- Opening Delimiter -
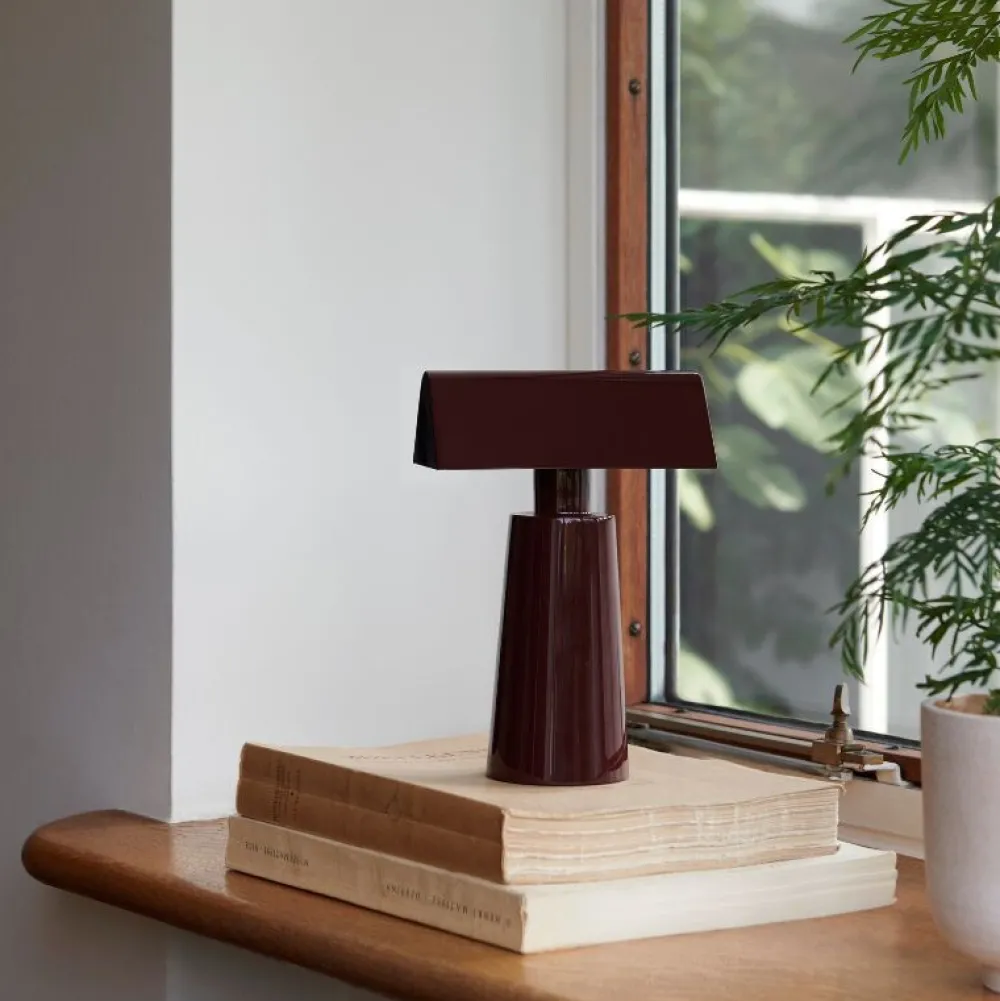 &Tradition Soveværelse|Bordlamper>Caret MF1 Dark Burgundy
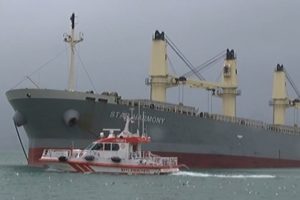Karaya oturan gemiyi kurtarma &ccedil;alışmaları s&uuml;r&uuml;yor
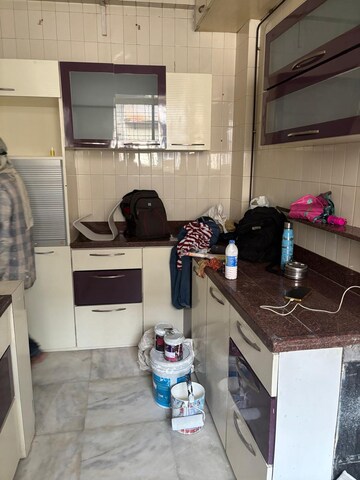 Team Area in 1 BHK Apartment at Amol CHS Mahim, Mahim – for Rent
- Closing Delimiter -
- TASK OBJECTIVE
Write the listing out exactly, word for word, but omit the pictures.

- ANSWER TO THIS EXERCISE
 &Tradition Soveværelse|Bordlamper>Caret MF1 Dark Burgundy
Karaya oturan gemiyi kurtarma &ccedil;alışmaları s&uuml;r&uuml;yor
 Team Area in 1 BHK Apartment at Amol CHS Mahim, Mahim – for Rent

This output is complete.